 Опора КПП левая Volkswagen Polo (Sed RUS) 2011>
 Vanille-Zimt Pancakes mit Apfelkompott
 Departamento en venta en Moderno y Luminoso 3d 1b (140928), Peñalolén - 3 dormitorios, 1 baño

--*--

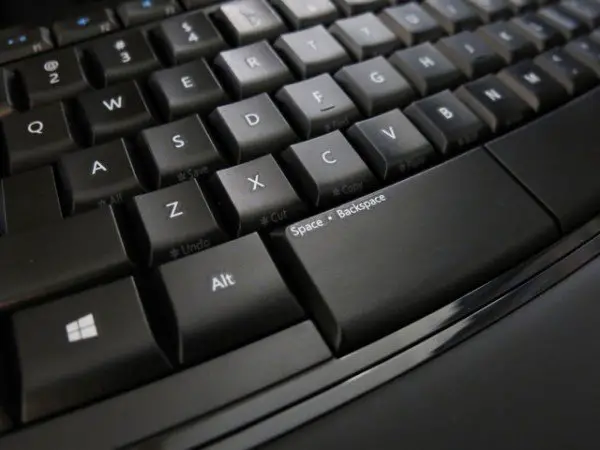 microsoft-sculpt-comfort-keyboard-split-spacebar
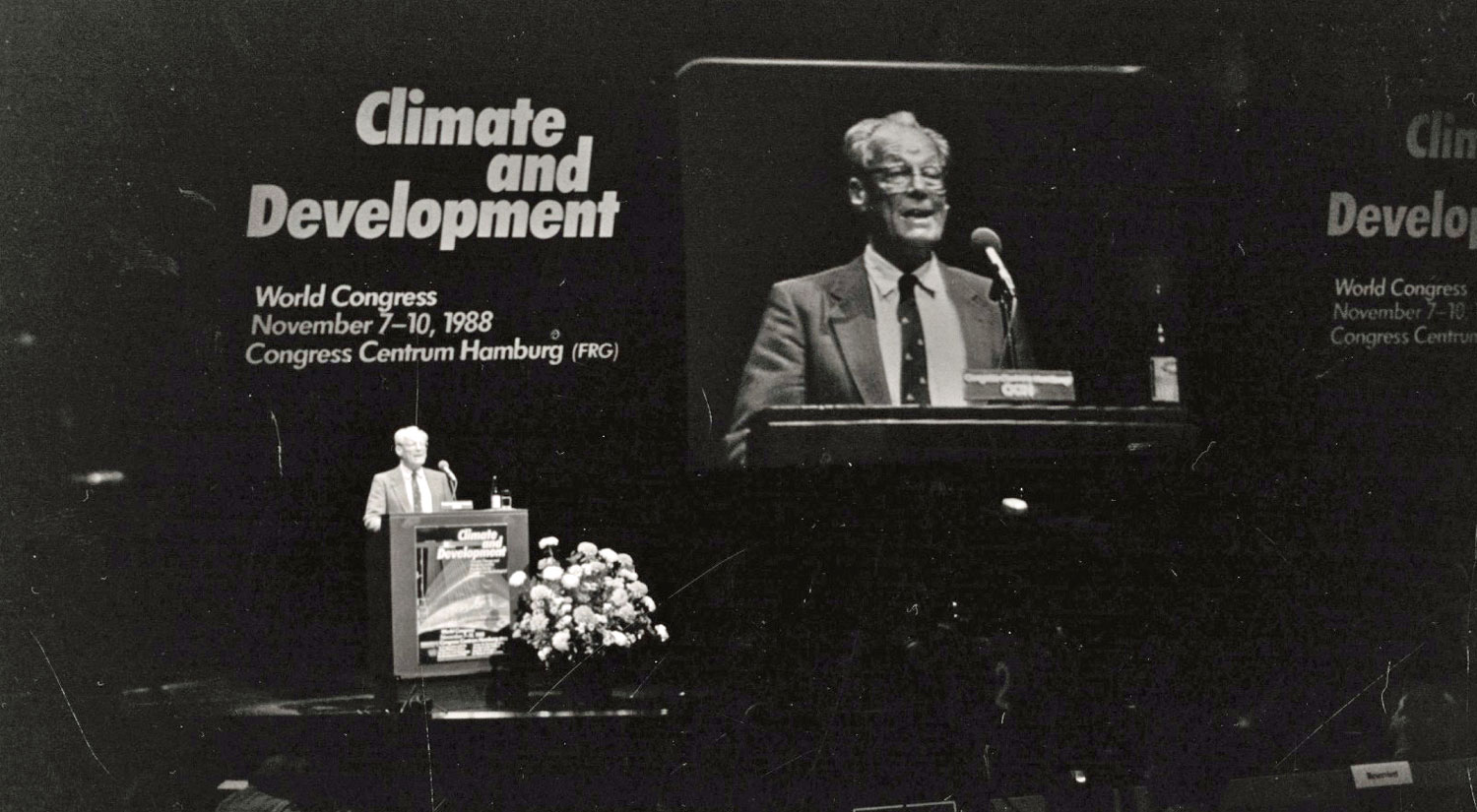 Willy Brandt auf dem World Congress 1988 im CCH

--*--

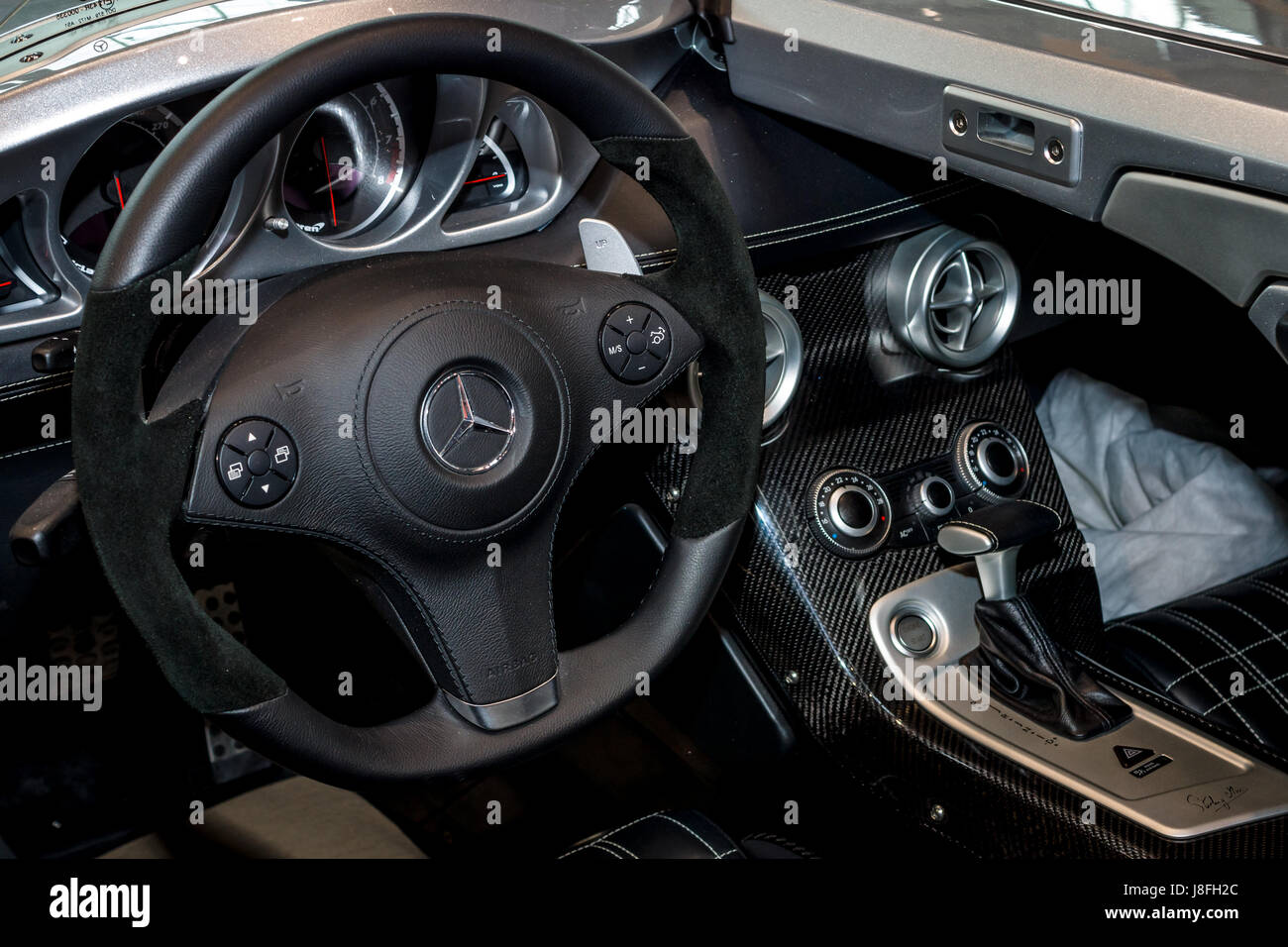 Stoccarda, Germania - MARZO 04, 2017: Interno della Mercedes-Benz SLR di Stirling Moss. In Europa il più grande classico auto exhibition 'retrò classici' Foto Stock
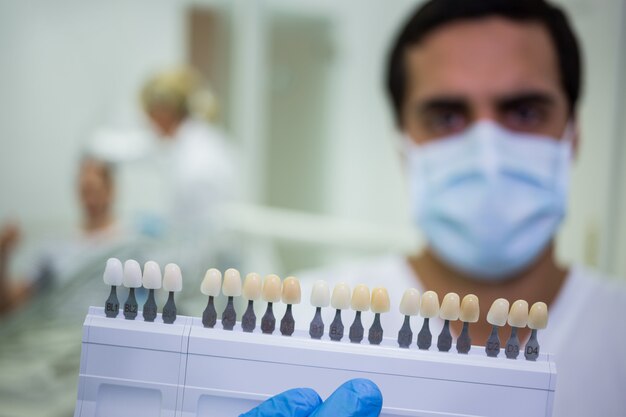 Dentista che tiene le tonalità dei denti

--*--

= Task details =
Starting at the line that contains "microsoft-sculpt-comfort-keyboard-split-spacebar" and ending at the line that contains "Willy Brandt auf", transcribe the material above exactly, excluding pictures.

= Expected output =
 microsoft-sculpt-comfort-keyboard-split-spacebar
 Willy Brandt auf dem World Congress 1988 im CCH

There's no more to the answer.